# TASK ITEM
The required output is the run of lines from the one holding "Cận Cảnh Nhà" through the final line of the listing, restated word for word, with no pictures.

# DATA EXCERPT
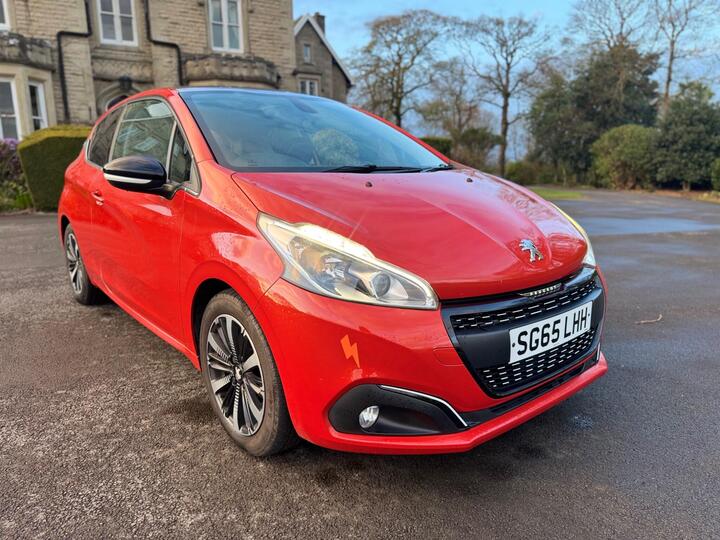 Peugeot 208 1.2 PureTech Allure Euro 6 3dr Peugeot 208 1.2 PureTech Allure Euro 6 3dr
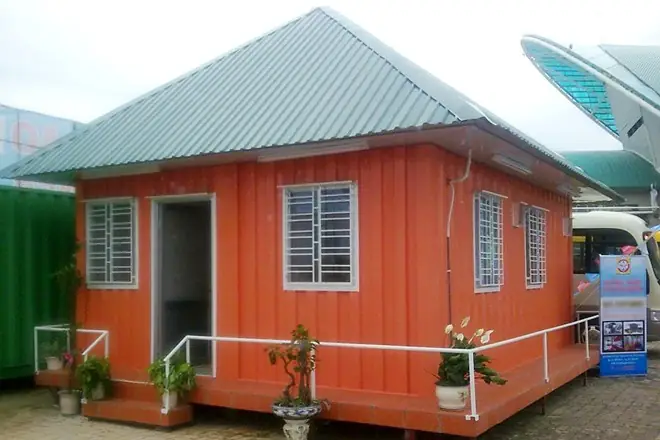 Cận Cảnh Nhà Container Đầy Đủ Nội Thất Giá 100 - 200 Triệu Tại Việt Nam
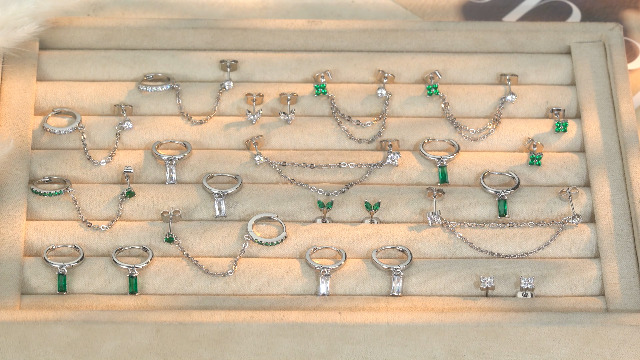 Set 3 Paia Orecchini Donna Acciaio Chirurgico 316L – Oro 14K E Argento – Anallergici Con Zirconi – Cerchio, Catena, Bottone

# RESULT
 Cận Cảnh Nhà Container Đầy Đủ Nội Thất Giá 100 - 200 Triệu Tại Việt Nam
 Set 3 Paia Orecchini Donna Acciaio Chirurgico 316L – Oro 14K E Argento – Anallergici Con Zirconi – Cerchio, Catena, Bottone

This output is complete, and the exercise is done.